CMSC 35100 - Natural Language Processing
Spring 2003
Assignment #2: Due May 1, 2003
Goals:
This assignment explores the application of n-gram models to language
identification (aka language ID). Language ID attempts to figure out
which of several known languages a new text was written in.
Character n-gram models have been used effectively for this task.
In the assignment you will build character n-gram models of a
variety of texts based on a relatively large corpus. You will
then apply the n-gram models to perform language ID by determining
which language model provides a better fit to a new test text.
Tools:
Building a simple n-gram model - without sophisticated smoothing - is
fairly straightforward, and you are welcome to do so in this assignment
if you wish. Alternatively, techstaff has installed the Cambridge
Statistical Language Modeling toolkit that builds and evaluates
language models. The documentation for the toolkit is available
on-line at Cambridge's website. The programs are located in
Data:
Since you will be training and testing language models, you will need
some texts in different languages. The data is available on the
course website.
/opt/CMU-Cam-Toolkit/default/
Step 1: Model training
Compute character bigram, trigram, and quadigram language models
for each of the large language samples.
Step 2: Language ID: MLE
For each of the test samples, and each of the language models,
determine the most likely language to have produced the test sample.

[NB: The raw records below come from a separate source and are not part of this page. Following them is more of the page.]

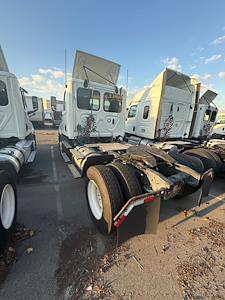Used 2020 Freightliner Cascadia Detroit DD13 Semi Truck for sale #264760 - photo 2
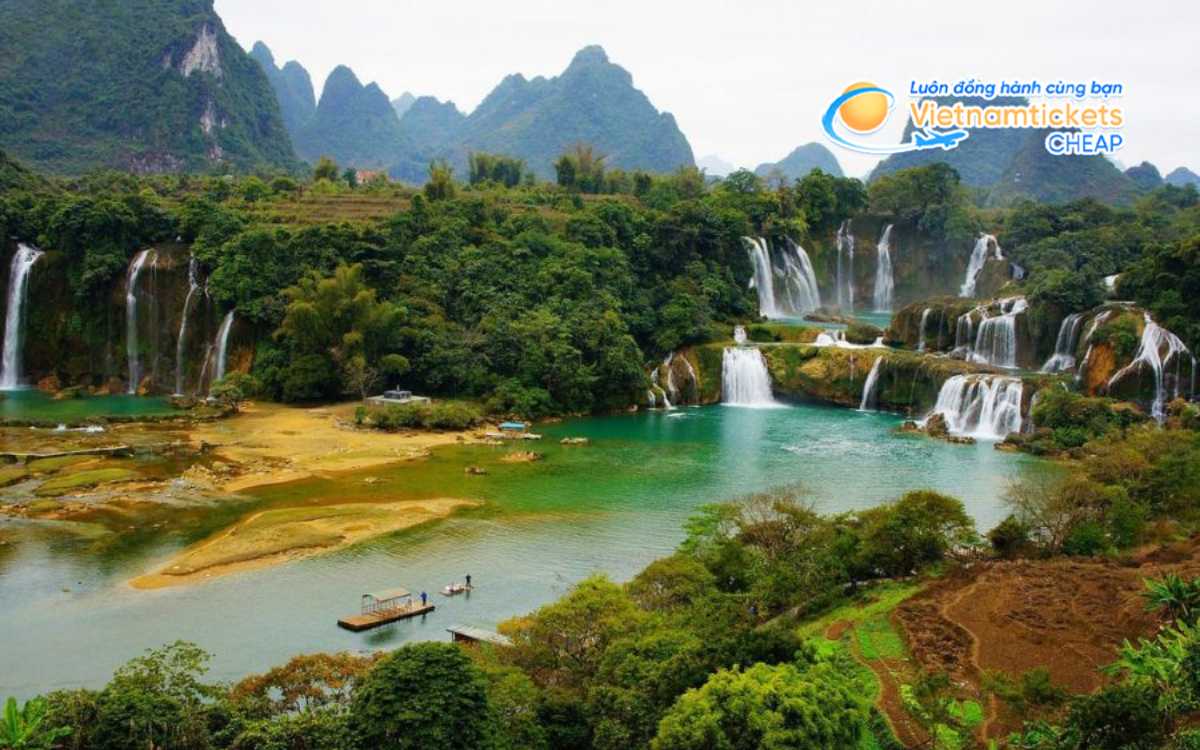 Giá vé máy bay đi Sùng Tả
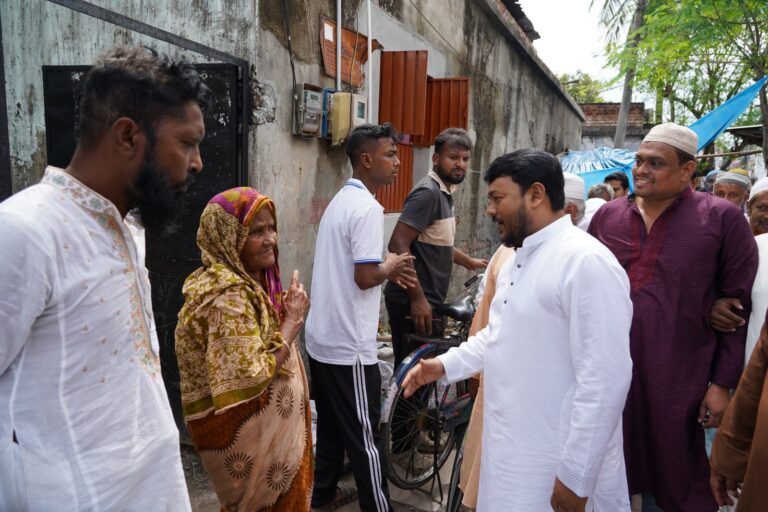 নগরীর আসাম কলোনী এলাকায় মসজিদ পরিদর্শনে রাসিক প্রশাসক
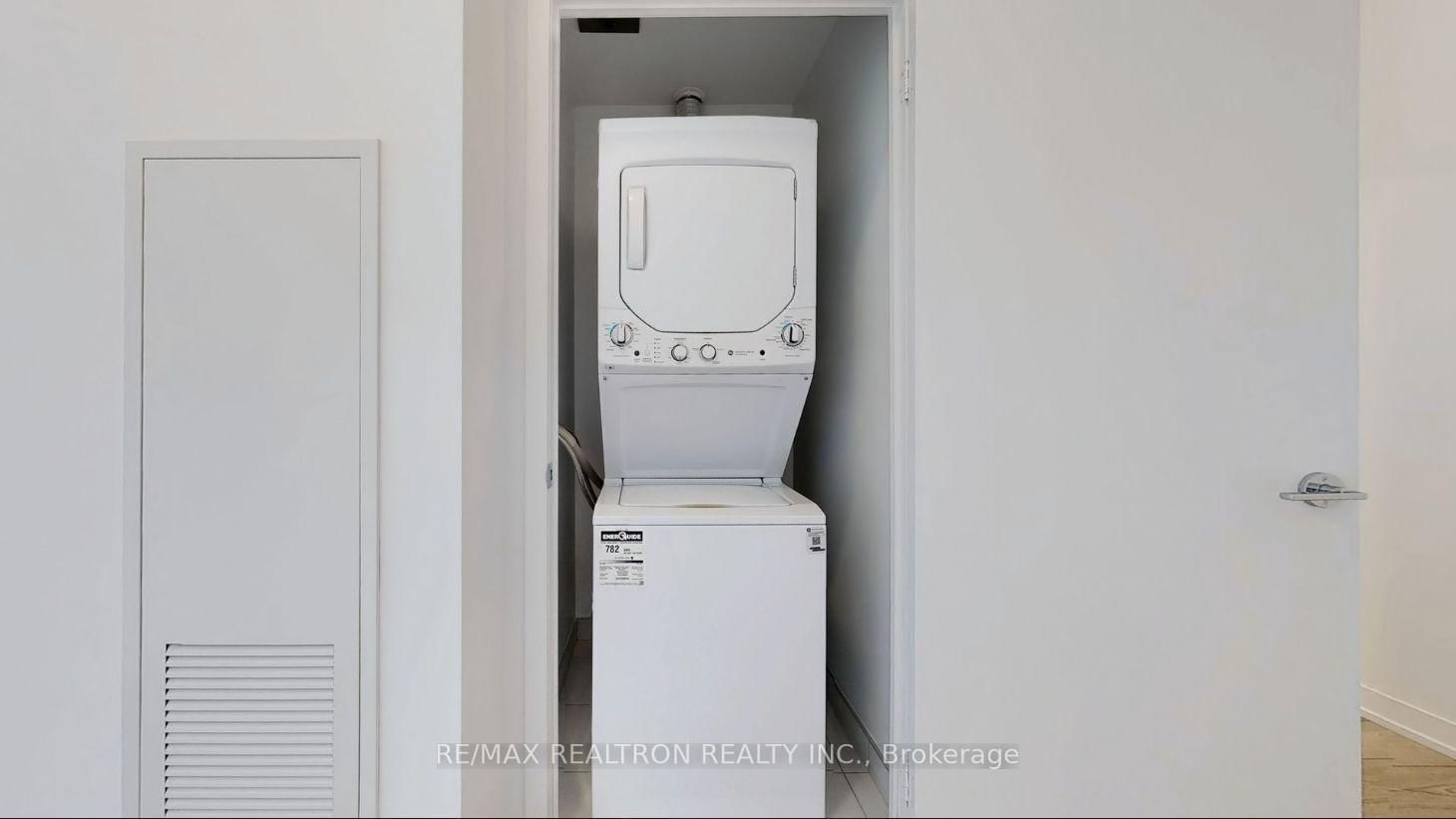 285 Dufferin Street, Unit 401 - Photo 16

Simply compute the maximum likelihood estimate, that is P(sample|model).
(You may also compute the (-) logprob to avoid underflow problems.)
A maximum likelihood estimate (MLE) of probability is computed by
taking the raw count and dividing by the total, so for a general
N-gram model the relevant maximum likelihood estimates are:
(1) P(w[n-N+1],...,w[n-1],n) = Count(w[n-N+1],...,w[n-1],w[n])/Total
(2) P(w[n-N+1],...,w[n-1]) = Count(w[n-N+1],...,w[n-1])/Total
What we want is the conditional probability
P(w[n-N+1],...,w[n-1],n)
(3) P(w[n] | w[n-N+1],...,w[n-1]) = -------------------------
P(w[n-N+1],...,w[n-1])
Substituting (1) and (2) into the numerator and denominator of (3),
the Total in the numerator and denominator cancel out, so we get the
general formula for the MLE of probability in an N-gram model:
Count(w[n-N+1],...,w[n-1],w[n])
(4) P(w[n] | w[n-N+1],...,w[n-1]) = ---------------------------------
Count(w[n-N+1],...,w[n-1])
Report your results. What do you observe?
Step 3: Language ID: perplexity
Using the SLM TK, perform language ID using the evallm
function, your earlier language models, and the test samples.
Compare your results to those derived from the MLE assignment.